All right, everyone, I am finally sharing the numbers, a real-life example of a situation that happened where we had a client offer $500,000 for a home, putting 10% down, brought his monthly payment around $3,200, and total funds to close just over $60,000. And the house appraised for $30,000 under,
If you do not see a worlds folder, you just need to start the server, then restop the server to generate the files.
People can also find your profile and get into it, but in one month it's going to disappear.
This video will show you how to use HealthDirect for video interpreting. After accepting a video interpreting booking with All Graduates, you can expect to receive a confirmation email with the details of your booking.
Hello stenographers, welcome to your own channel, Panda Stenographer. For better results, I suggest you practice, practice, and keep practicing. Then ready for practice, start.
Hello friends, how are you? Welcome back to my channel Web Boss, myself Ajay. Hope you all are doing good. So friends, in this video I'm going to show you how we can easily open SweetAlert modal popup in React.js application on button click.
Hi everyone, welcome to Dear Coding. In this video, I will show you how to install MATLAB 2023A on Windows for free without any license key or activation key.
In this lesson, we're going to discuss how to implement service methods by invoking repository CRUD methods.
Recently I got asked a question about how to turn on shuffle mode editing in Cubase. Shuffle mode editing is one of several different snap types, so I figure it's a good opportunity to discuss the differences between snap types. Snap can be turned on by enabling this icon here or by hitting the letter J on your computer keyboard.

--

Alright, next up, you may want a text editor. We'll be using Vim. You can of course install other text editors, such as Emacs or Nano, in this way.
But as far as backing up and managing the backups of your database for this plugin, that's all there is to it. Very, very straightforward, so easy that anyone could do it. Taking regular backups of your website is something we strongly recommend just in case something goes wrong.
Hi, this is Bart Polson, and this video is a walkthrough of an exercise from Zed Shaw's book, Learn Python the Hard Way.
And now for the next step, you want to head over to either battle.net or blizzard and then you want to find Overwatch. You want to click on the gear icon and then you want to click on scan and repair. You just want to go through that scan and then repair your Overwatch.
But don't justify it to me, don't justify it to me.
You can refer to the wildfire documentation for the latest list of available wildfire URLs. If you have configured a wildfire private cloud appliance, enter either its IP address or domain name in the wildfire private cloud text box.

Work order: Look through the data above for the word "find". Report each line where it occurs.

Exercise solution:
People can also find your profile and get into it, but in one month it's going to disappear.
And now for the next step, you want to head over to either battle.net or blizzard and then you want to find Overwatch. You want to click on the gear icon and then you want to click on scan and repair. You just want to go through that scan and then repair your Overwatch.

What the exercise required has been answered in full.